Start of Block
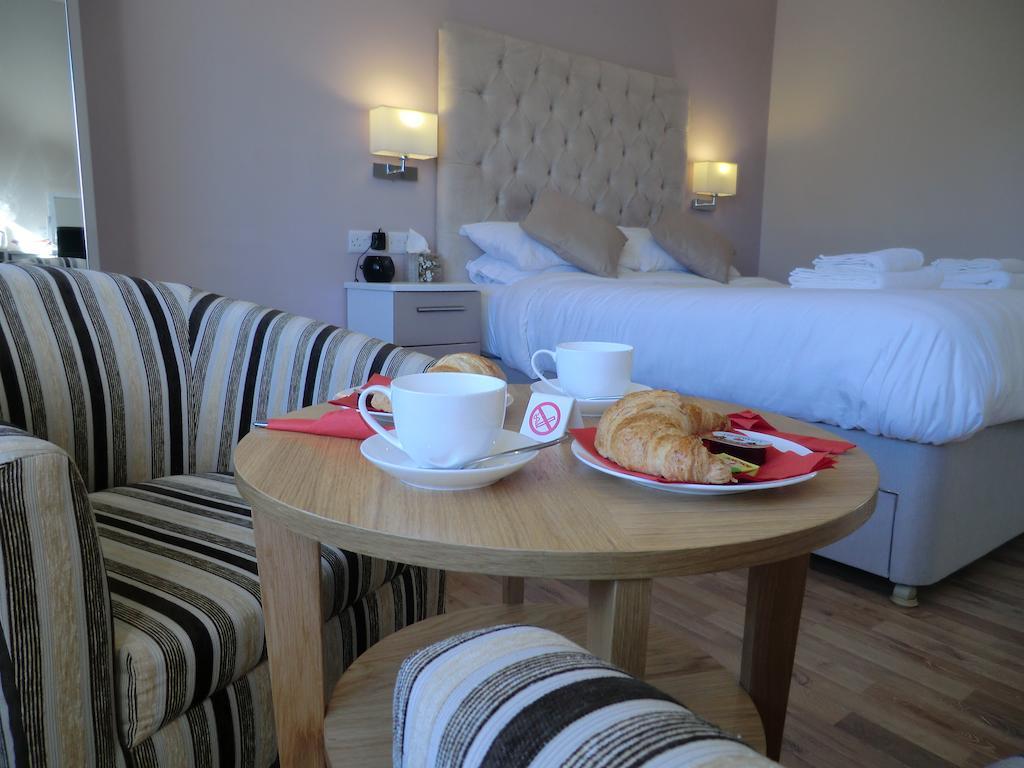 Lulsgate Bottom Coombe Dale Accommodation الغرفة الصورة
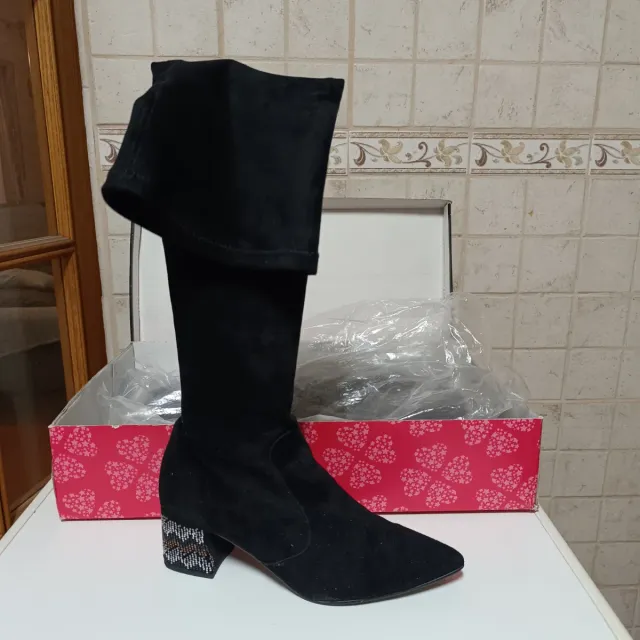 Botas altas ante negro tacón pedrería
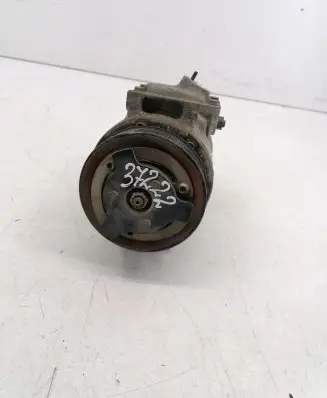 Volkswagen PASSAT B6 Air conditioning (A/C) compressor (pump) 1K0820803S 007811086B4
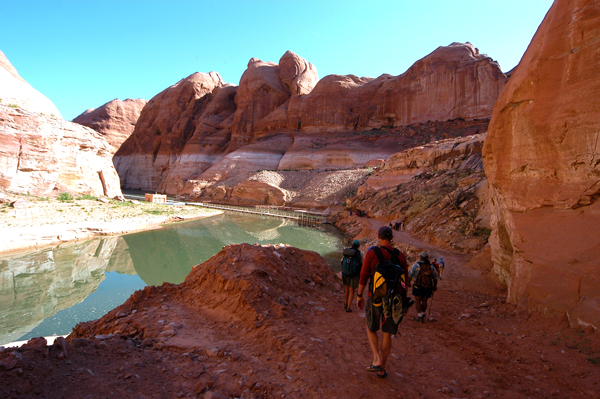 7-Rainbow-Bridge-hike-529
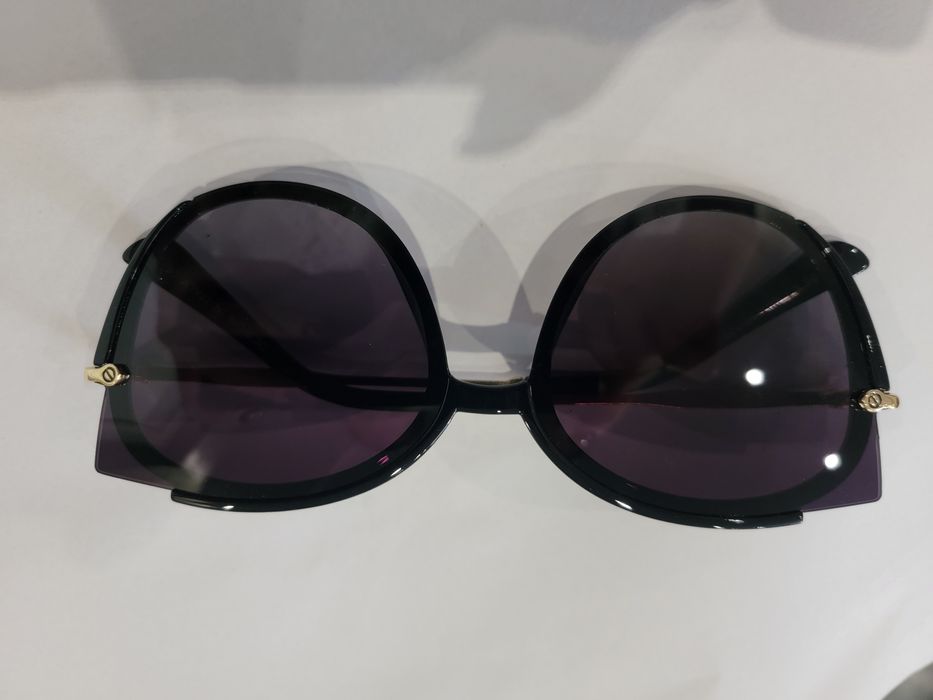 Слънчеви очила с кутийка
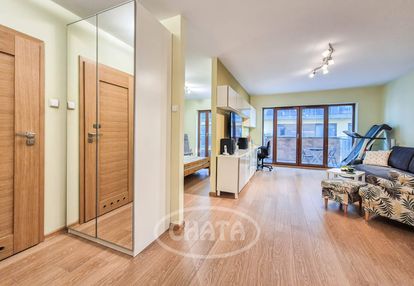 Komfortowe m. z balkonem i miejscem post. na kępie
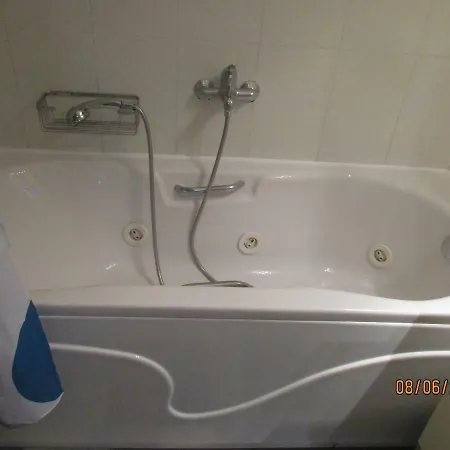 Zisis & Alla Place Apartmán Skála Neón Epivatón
End of Block
:: PROBLEM REQUIREMENTS ::
When you return the records, keep every word unchanged and drop the pictures.

:: YOUR RESPONSE ::
 Lulsgate Bottom Coombe Dale Accommodation الغرفة الصورة
 Botas altas ante negro tacón pedrería
 Volkswagen PASSAT B6 Air conditioning (A/C) compressor (pump) 1K0820803S 007811086B4
 7-Rainbow-Bridge-hike-529
 Слънчеви очила с кутийка
 Komfortowe m. z balkonem i miejscem post. na kępie
 Zisis & Alla Place Apartmán Skála Neón Epivatón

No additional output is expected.